Not too bad. But the API will return JSON, so we'll need to marshall the data into our struct. Luckily, the serde crate exists for serializing and deserializing data with ease.

I can't stress this enough. serde is bar none, the best serialization library I've used in any language. Much like the clap crate for CLIs (but I'm biased about that, since I wrote clap ᕕ(⌐■_■)ᕗ ♪♬).

We can add some crates used for this serialization now:

$ cargo add serde serde_derive serde_json
    Updating 'https://github.com/rust-lang/crates.io-index' index
      Adding serde v1.0.110 to dependencies
      Adding serde_derive v1.0.110 to dependencies
      Adding serde_json v1.0.53 to dependencies

Why three crates?

  • serde provides the traits
  • serde_derive provides the procedural macros so we can just tag our structs with a #[derive(..)]
  • serde_json uses these to convert to/from JSON strings.

So all we do is update our ComicResponse struct with the attribute:

#[derive(Deserialize)
struct ComicResponse {
    // .. same as before
}

We only care about deserialization (from JSON to Rust struct), but if we cared about going the other direction we could have just as easily added Serialize to the list of #[derive]ed traits.

Comic

So we have our response, which is the Rust representation of the raw JSON, but we only care about a few elements. Likewise, we'd like to display the date in a more friendly format.

Let's first create our Comic struct to hold the data we care about:

struct Comic {
    title: String,
    num: usize,
    date: String,
    desc: String,
    img_url: String,
}

The most idiomatic Rust way to get from one type to another is the From trait. So we can now implement the From<ComicResponse> trait for our Comic which will give us some sweet .into() abilities.

impl From<ComicResponse> for Comic {
    fn from(cr: ComicResponse) -> Self {
        Comic {
            title: cr.title,
            num: cr.num,
            date: format!("{}-{}-{}", cr.day, cr.month, cr.year),
            desc: cr.alt,
            img_url: cr.img,
        }
    }
}

Pretty self explanitory.

Ok, so we have a Comic and we have a ComicResponse and the ability to convert between them, what else do we need to implement run?

Although we derived the ability to go from a JSON formatted string to a ComicResponse we haven't actually utilized that code anywhere yet. So lets wire that up with another From impl:

impl From<String> for ComicResponse {
    fn from(json: String) -> Self {
        serde_json::from_str(&json) // ...uh oh, returns a Result
    }
}

Hmm. Ok so serde_json::from_str returns a Result which makes sense. Any string may not be valid JSON, and especially not valid for whatever struct we're trying to create.

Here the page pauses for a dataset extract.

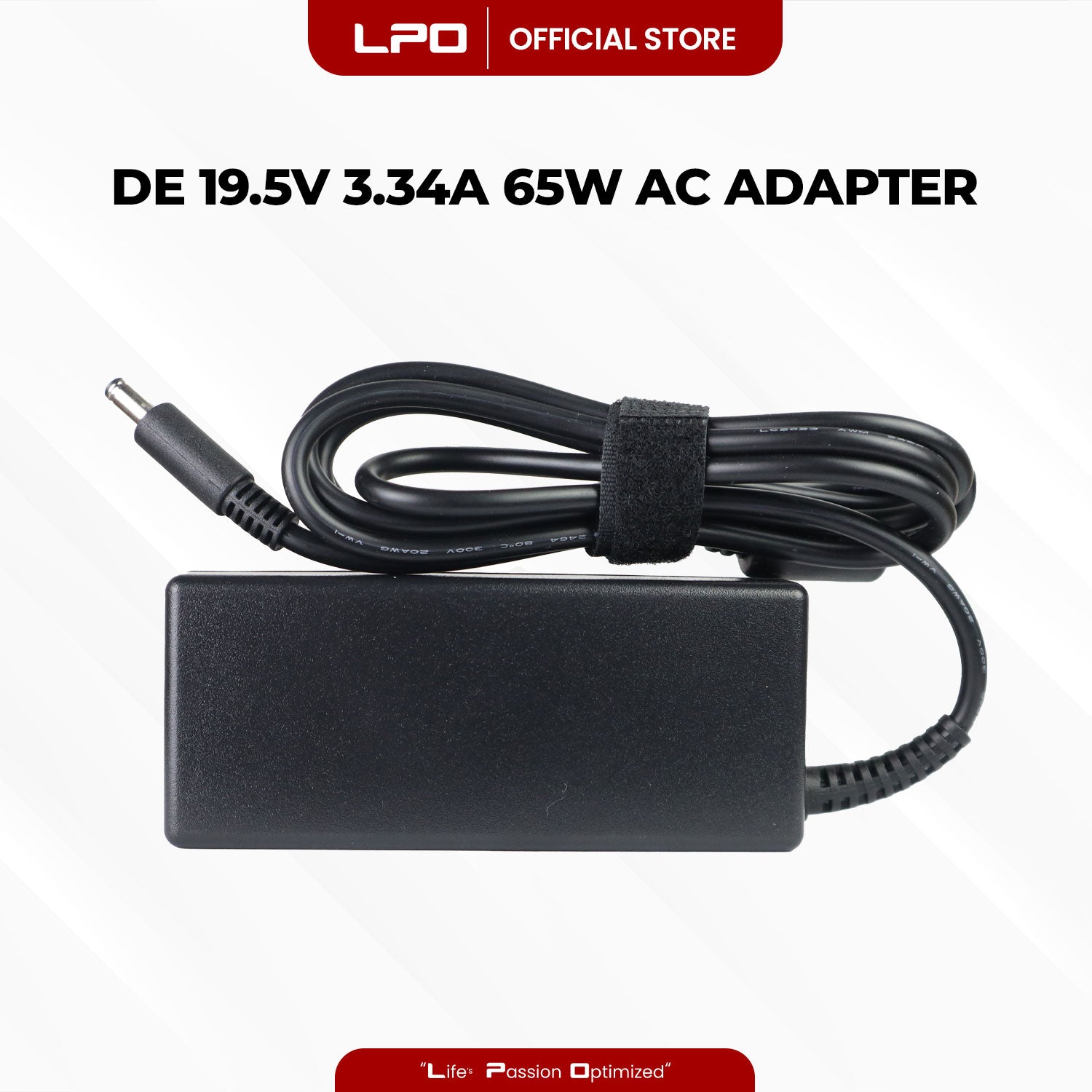 Laptop Charger Dell 19.5V 3.34A 65W Circle Medium 4.5mm x 3.0mm Compatible with Dell Inspiron 14 5480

So we can either expect that the JSON string we're given is always valid, and panic otherwise, or if we allow From express fallibility.

Turns out there is a version of From for exactly this, std::convert::TryFrom!

With quick update, we're back at it:

impl TryFrom<String> for ComicResponse {
    type Error = anyhow::Error;
    fn try_from(json: String) -> Result<Self, Self::Error> {
        serde_json::from_str(&json).map_err(|e| e.into())
    }
}

Notice we used anyhow::Error as the error type, but that meant we needed to map the error from the serde error, to the anyhow error. Not hard, but something to note.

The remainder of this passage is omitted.